It’s amazing how far a little encouragement will take a writer. This is the reason each writer desperately needs a support base of readers who are in love with their writing. Among these readers we look most eagerly for those who interact with our work.

I have published blogs and a few articles and short stories and am working on a book. It is so encouraging when people respond to something I have written. At a conference I attended there was a new emphasis on writers establishing an email mailing list of readers. You share your latest writing accomplishments with your readers and they in turn tell you how your writing impacted them.

At this stage I have not yet joined a writer’s group and I hear this is really the best way to connect directly with a group of supportive people during the actual writing process. I suppose the fact that I have not sought out and joined a group says something about my personality. Like most writers, I am afraid to show my work to others and to have it critiqued.

I have become braver lately and on occasion even dared to read some of my work to family and friends and listen to their critique. Painful as it is, a good critique can be a writer’s best friend. Critiques have moved my writing forward. In their own way, critiques are a show of support.

Recently I wrote four songs. Yes, I am a song writer too. One of the songs is intensely personal. I have yet to determine whether it is art or merely “raw reportage flung splat on the page,” as Mary Karr describes inferior writing in Art of Memoir. But, I take courage in the fact that even raw reportage is a start. And listening to lyrics on the radio today, one wonders if art is a requirement at all to get a record label.

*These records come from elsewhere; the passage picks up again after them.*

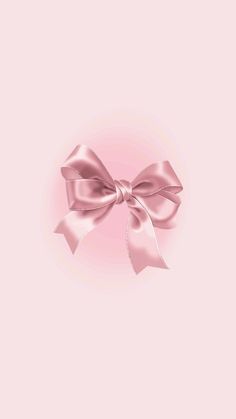 a pink background with a large bow on the top and bottom part of it's ribbon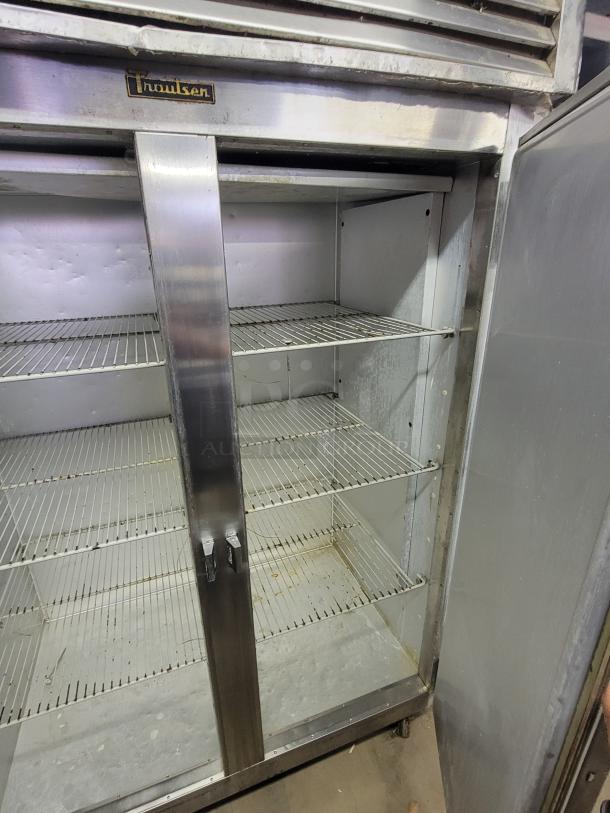 Traulsen G22010 two-door commercial reach-in freezer, stainless steel, used condition, visible shelving, ideal for restaurants.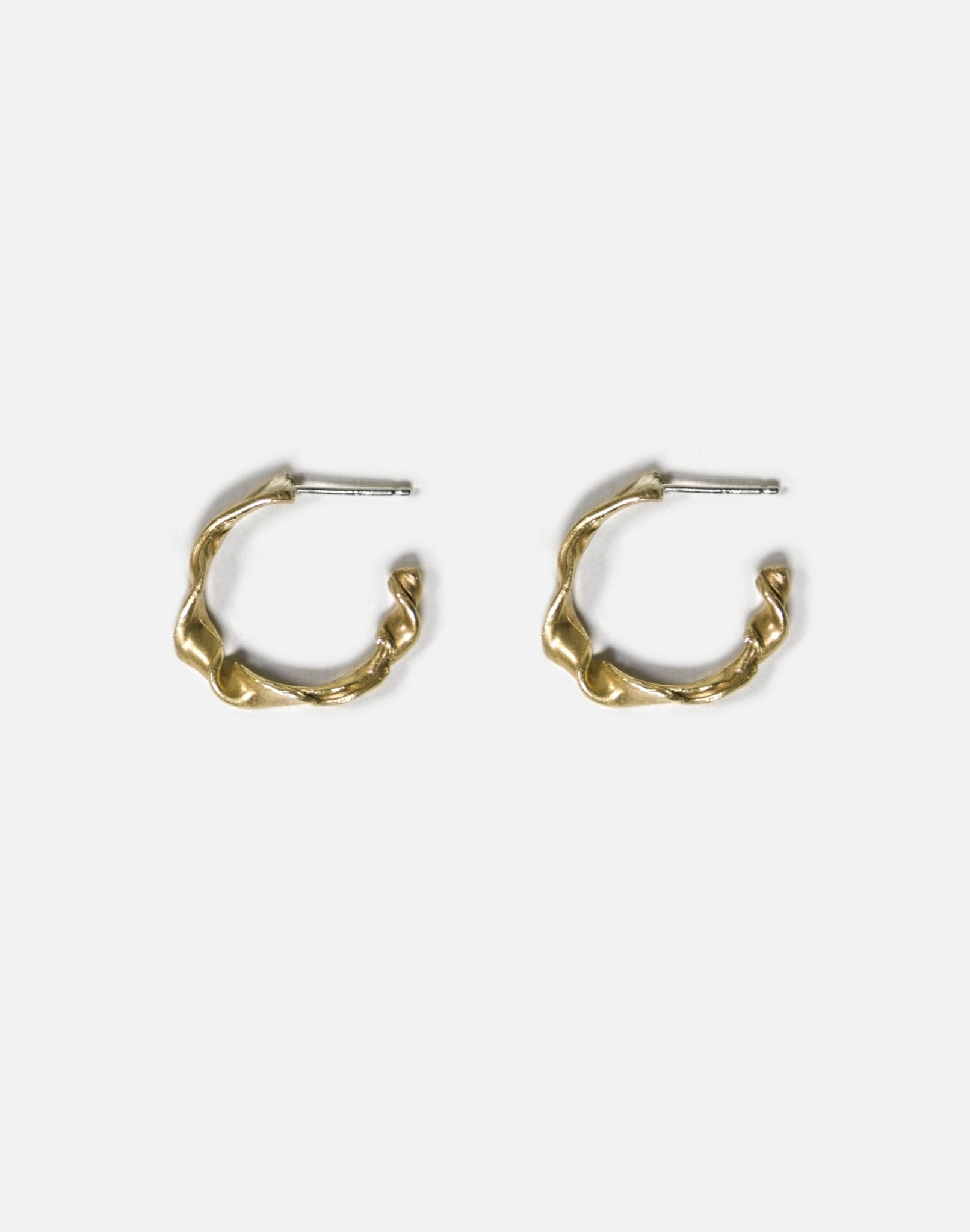Men's women's Gold twisted hoop earrings essence. Best minimalist jewelry made in Brooklyn New York by llayers.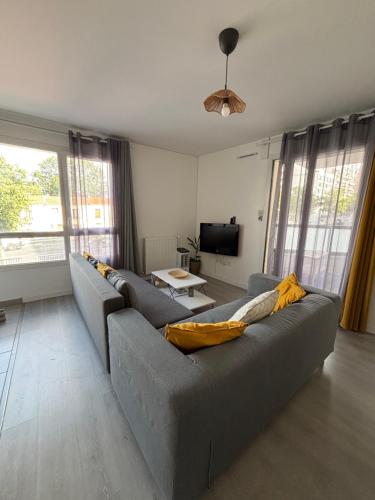a living room with a couch and a tv at Villejuif - Métro Léo Lagrange - 2 pièces avec balcon in Villejuif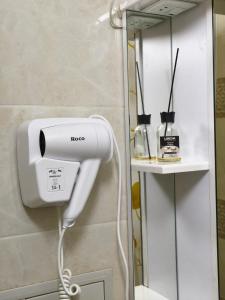 a hair dryer in a bathroom next to a mirror at Сдается квартира у Озера in Balqash
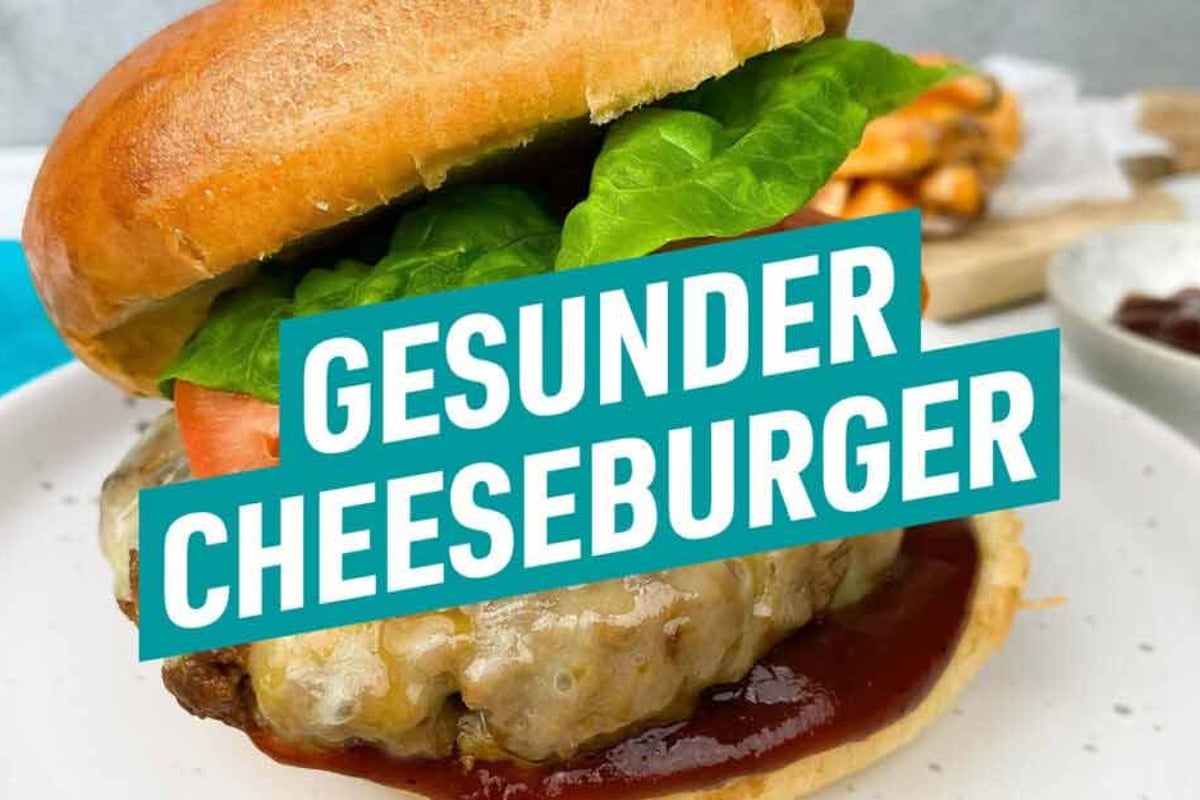 Cheeseburger mit Salat, Tomate, geschmolzenem Käse und Sauce auf weißem Teller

Time and distance often help to tell if the writing is good. When I go back to my writing and find it moves me this is a good sign. If it moves others, that is even better.

One has to be careful with critiques. When a writer’s art is in the embryo stage it needs to be protected from harsh judgment. When it is polished, it is time to share it. A writer must have some level of confidence in his or her work or it may never see the light of publication day.

Kate Bond wrote eight novels and basically never showed them to anybody before she recently won a contest for a screen play. This is an example of how timid writers can be and that is why we need support. Bond submitted her play in an effort to get over her fear. She says, “I think it was this idea that it was a low-stakes way to send a piece of writing out into the world; that some stranger, some third party will read it and it will help kind of alleviate this great phobia I have of showing anything to anybody.”

I started this blog in a really good season when blogs were a new thing. Now we are literally flooded with millions upon millions of blogs and sorting through them can be fatiguing, if not overwhelming. Recently I came across one that I find particularly worth reading, Brain Pickings by Maria Pavova. This lady does much more than “splat on a page.” Pavova says she puts hundreds of hours a month and thousands of dollars into her blog yet the only advertising on her site is in the form of links to books on Amazon of which she gets a small percentage of the sale if people buy them.

When people love our work, they praise it and better yet, agents publish it and readers buy it. Bloggers don’t have the advantage of publishers to promote their work and they don’t get a percentage of sales. As an alternative to posting random ads, Maria Pavova respectfully requests financial support from her readers. I hope people consider donating to her. But for starters, simple praise is what most of us need to be inspired to move ahead and that only costs a few minutes of intellectual investment.

In the writing world it is essential to build relationships and learn how to support and promote one another. I have made many great connections by attending writers’ conferences and find it takes an effort to move to the next level where you really benefit from each other’s skill set.

I am interested in knowing how others have built a support base. Who do you show your writing to? At what point do you show your writing to someone? Have you found the perfect mix of support and critique in a person with whom you have shared your writing? Have you had a shocking experience when you shared your work? Are there online sites you recommend for sharing writing? Have you found a creative way to share your not yet perfect drafts?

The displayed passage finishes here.